YZ: What was the reason why you chose these live recordings for the main two Scelsi pieces to include in this album, instead of studio recordings?
Live recordings are almost never “perfect”. However, they grant us with magical and uncompromising documentation of real music in real time, together with an energy generated by the presence of the audience, which can never be reproduced in a studio recording.
Scelsi was said to be a modest artist. He believed that he, as a composer, is merely a mediator.
For a substantial period, he composed his piano pieces by improvising: He conceptualized them and then improvised while recording. Later, with the help of friends and assistants, he notated down the recordings and it became a written composition.
Since these compositions derive directly from improvisations, I felt the best representation of them would be as recordings of live performances, where there is also an element of risk, surprise and spirit.
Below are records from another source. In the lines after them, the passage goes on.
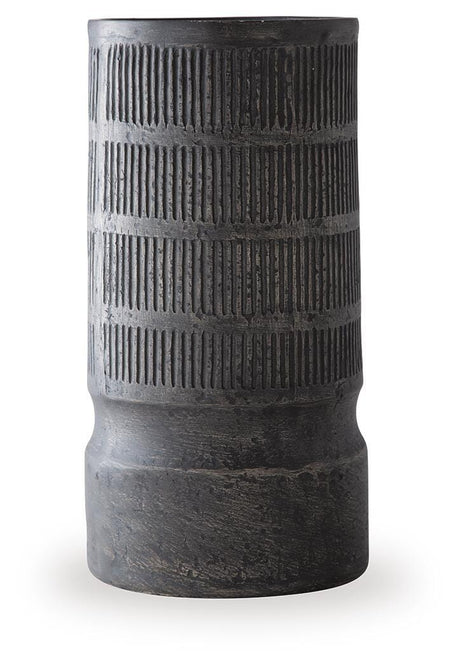 Beninworth Antique Black Vase by Ashley at Eve Furniture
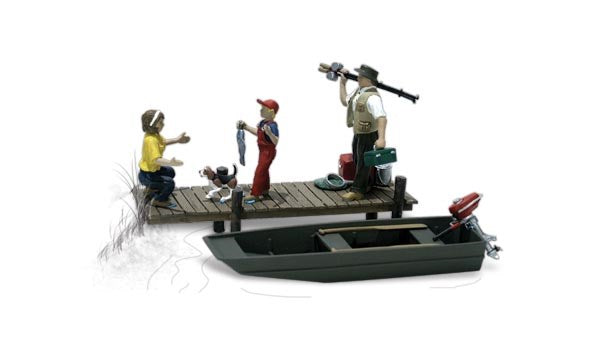 Woodland Scenics A2203 N Family Fishing (7546240336109)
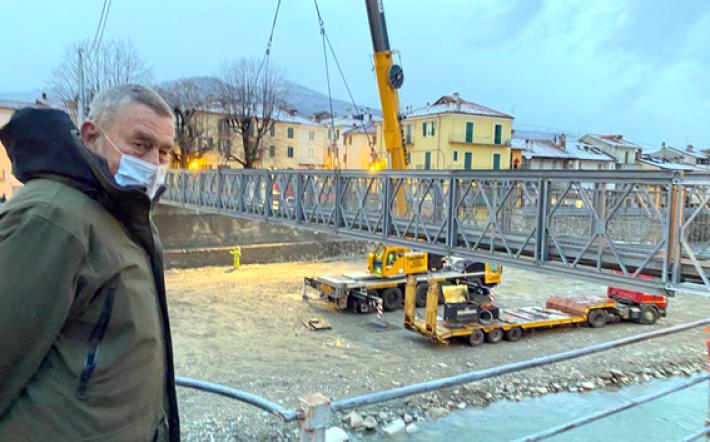 Garessio: passerella a tempo di record, ora il designer Giugiaro per il "concept" del nuovo ponte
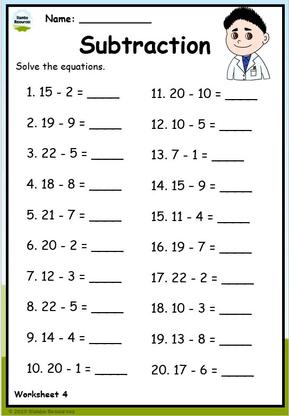 Grade 1 Math Worksheets | Free Worksheets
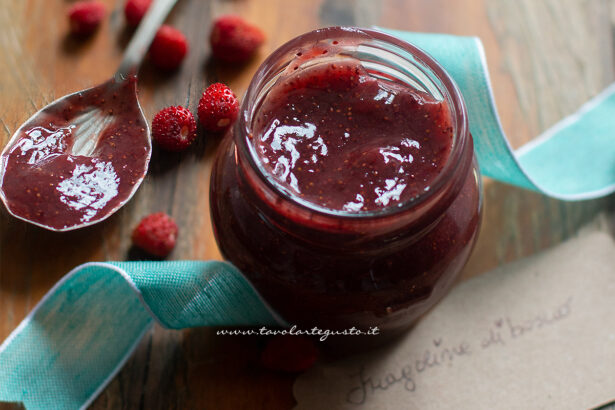 marmellata di fragoline di bosco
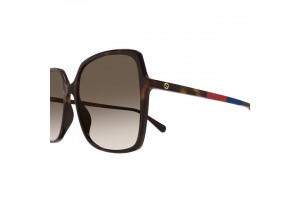 Gucci GG0544S Shiny Dark Havana napszemüveg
YZ: Besides Scelsi, are there any particular projects, composers and/or pieces that you are interested in performing or recording in the future?
SL: I am currently working mainly on two projects. There are many great musicians in Israel, and the mentality of Israelis is open, flexible and spontaneous. This allows for opportunities to present new projects. There is a small yet strong community of experimental musicians which feels like home.
However, the main challenge I have is to make sure these projects find a way to come through despite national lockdowns and restrictions due to the covid-19 pandemic. It is a strange time to come up with new plans, as one is struggling to make sure current plans are executed and performed.
So far, Israel is the first country in the world to call for a second lock-down. Concerts, as many other cultural events, are considered inessential in time like these, and are most of the time canceled or postponed to an unknown date.
Being given the opportunity to release an album (especially now) is an empowering and rewarding experience. It gives a reason to keep going and allows for a platform to share music with the audience.
I also find that collaborations with other musicians at a time like this, where social distance is obligatory, nourishes a mutual motivation to keep the music making going.
I hope that with time, as the world finds some peace and hopefully a vaccine and cure, generating new ideas will follow as well.